Known bug: when boxplot fill is turned off, outliers do not render.
- boxplot.position.dodge
Scalar which adjusts the relative distance between boxplots when multiple are drawn per grouping (a.k.a. when group.by
and color.by
are not equal).
By default, this input actually controls the value of jitter.position.dodge
unless the jitter
version is provided separately.
- boxplot.lineweight
Scalar which adjusts the thickness of boxplot lines.
- vlnplot.lineweight
Scalar which sets the thickness of the line that outlines the violin plots.
- vlnplot.width
Scalar which sets the width/spread of violin plots in the x direction
- vlnplot.scaling
String which sets how the widths of the of violin plots are set in relation to each other.
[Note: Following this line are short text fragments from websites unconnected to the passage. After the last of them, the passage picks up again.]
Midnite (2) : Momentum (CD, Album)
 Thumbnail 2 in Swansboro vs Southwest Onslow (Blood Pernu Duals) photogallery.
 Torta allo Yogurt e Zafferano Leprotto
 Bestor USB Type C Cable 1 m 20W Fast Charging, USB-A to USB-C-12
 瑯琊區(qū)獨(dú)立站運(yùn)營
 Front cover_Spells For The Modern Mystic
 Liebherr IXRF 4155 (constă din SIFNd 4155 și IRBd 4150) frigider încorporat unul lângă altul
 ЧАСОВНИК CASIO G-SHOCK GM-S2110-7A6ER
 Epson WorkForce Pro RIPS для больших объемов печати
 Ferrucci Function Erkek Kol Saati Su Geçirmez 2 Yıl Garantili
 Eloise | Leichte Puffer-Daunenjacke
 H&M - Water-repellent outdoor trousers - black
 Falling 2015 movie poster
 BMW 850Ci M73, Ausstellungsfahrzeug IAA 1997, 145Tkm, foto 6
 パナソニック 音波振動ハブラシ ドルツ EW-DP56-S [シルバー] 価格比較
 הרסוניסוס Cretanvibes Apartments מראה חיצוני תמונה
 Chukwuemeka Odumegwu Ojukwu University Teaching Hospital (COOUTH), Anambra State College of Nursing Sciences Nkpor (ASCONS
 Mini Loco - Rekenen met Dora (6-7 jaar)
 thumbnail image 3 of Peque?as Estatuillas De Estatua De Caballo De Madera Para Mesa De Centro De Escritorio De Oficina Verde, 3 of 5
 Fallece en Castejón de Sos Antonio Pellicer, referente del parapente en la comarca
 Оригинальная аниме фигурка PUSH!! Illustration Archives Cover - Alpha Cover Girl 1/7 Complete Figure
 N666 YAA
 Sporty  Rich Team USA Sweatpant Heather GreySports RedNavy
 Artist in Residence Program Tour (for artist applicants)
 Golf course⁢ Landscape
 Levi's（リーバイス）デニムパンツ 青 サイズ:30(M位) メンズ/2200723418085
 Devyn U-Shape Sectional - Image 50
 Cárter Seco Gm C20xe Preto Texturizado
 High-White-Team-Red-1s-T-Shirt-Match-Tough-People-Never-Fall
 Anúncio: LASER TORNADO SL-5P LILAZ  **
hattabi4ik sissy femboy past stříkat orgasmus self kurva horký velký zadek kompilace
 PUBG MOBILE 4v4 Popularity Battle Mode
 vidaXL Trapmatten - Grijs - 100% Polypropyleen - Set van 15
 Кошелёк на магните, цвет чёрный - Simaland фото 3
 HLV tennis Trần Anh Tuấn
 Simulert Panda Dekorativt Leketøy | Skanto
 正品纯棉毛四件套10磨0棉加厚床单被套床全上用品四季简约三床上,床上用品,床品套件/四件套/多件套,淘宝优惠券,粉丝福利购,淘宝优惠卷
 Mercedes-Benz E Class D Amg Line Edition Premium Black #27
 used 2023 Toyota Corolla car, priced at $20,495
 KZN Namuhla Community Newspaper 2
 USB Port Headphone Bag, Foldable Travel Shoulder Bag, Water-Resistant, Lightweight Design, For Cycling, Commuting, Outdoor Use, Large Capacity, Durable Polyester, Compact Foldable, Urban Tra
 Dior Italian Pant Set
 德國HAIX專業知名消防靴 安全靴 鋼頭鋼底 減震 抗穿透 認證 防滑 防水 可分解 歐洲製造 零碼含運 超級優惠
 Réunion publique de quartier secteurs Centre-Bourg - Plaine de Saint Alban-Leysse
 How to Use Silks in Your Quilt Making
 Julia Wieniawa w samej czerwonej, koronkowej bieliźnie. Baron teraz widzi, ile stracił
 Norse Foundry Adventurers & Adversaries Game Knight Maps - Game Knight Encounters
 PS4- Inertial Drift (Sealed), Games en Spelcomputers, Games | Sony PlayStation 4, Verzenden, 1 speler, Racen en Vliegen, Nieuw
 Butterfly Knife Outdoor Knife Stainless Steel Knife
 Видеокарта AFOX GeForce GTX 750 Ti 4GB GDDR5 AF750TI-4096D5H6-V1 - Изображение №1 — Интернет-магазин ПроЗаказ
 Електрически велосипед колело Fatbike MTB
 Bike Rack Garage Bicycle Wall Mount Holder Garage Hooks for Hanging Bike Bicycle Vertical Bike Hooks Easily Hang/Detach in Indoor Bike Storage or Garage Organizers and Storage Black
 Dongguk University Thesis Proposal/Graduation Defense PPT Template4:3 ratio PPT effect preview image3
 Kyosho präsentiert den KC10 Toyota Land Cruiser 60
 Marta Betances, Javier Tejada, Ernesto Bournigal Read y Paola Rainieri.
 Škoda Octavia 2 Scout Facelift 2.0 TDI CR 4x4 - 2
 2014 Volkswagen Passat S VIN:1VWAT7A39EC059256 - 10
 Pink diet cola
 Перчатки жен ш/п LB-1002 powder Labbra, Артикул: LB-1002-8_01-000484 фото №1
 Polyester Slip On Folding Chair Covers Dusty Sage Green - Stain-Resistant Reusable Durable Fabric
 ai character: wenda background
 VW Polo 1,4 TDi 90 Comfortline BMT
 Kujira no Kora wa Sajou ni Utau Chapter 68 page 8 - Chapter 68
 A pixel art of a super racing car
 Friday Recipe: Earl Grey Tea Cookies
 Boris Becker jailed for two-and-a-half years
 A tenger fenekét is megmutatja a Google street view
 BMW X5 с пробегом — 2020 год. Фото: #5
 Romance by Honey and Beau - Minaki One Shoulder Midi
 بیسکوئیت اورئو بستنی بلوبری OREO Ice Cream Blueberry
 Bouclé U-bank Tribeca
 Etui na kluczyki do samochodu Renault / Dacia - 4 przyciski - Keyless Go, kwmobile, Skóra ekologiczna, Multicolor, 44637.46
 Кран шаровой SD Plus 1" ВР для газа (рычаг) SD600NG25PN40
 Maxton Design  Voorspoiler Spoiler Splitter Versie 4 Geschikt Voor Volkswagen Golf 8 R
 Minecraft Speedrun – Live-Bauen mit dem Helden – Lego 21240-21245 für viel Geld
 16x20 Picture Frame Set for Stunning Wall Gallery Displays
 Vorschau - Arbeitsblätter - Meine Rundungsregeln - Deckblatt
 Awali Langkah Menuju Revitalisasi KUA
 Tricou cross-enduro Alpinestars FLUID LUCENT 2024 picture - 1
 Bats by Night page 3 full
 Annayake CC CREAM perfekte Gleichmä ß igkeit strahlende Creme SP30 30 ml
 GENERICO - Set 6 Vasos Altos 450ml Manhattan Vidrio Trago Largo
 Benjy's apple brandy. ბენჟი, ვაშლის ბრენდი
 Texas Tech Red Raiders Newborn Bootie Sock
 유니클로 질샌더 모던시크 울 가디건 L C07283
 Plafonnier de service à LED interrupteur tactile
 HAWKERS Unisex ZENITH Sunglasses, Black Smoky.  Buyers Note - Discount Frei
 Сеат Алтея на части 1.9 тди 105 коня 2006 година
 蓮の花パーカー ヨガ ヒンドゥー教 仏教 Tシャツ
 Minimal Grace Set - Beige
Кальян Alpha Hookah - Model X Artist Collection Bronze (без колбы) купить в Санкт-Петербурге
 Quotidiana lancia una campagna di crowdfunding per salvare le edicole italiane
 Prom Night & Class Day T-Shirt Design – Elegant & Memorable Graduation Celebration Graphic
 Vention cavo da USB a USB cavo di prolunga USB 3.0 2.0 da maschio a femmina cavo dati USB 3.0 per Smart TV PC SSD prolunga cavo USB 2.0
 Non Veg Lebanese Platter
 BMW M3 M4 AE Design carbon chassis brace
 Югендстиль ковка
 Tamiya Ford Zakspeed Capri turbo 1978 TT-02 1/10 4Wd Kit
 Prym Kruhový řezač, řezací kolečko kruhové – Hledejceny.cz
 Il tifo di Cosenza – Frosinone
Options are "area", "count", and "width". If the default is not right for your data, I recommend trying "width".
For an explanation of each, see geom_violin
.
- vlnplot.quantiles
Single number or numeric vector of values in [0,1] naming quantiles at which to draw a horizontal line within each violin plot. Example: c(0.1, 0.5, 0.9)
- ridgeplot.lineweight
Scalar which sets the thickness of the ridgeplot outline.
- ridgeplot.scale
Scalar which sets the distance/overlap between ridgeplots.
A value of 1 means the tallest density curve just touches the baseline of the next higher one.
Higher numbers lead to greater overlap. Default = 1.25
- ridgeplot.ymax.expansion
Scalar which adjusts the minimal space between the topmost grouping and the top of the plot in order to ensure the curve is not cut off by the plotting grid.
The larger the value, the greater the space requested.
When left as NA, dittoViz will attempt to determine an ideal value itself based on the number of groups & linear interpolation between these goal posts: #groups of 3 or fewer: 0.6; #groups=12: 0.1; #groups or 34 or greater: 0.05.
- ridgeplot.shape
Either "smooth" or "hist", sets whether ridges will be smoothed (the typical, and default) versus rectangular like a histogram.
(Note: as of the time shape "hist" was added, combination of jittered points is not supported by the stat_binline
that dittoViz relies on.)
- ridgeplot.bins
Integer which sets how many chunks to break the x-axis into when ridgeplot.shape = "hist"
.
Overridden by ridgeplot.binwidth
when that input is provided.
- ridgeplot.binwidth
Integer which sets the width of chunks to break the x-axis into when ridgeplot.shape = "hist"
.
Takes precedence over ridgeplot.bins
when provided.
- add.line
numeric value(s) where one or multiple line(s) should be added
- line.linetype
String which sets the type of line for add.line
.
Defaults to "dashed", but any ggplot linetype will work.
- line.color
String that sets the color(s) of the add.line
line(s)
- legend.show
Logical. Whether the legend should be displayed. Default = TRUE
.
- legend.title
String or NULL
, sets the title for the main legend which includes colors and data representations.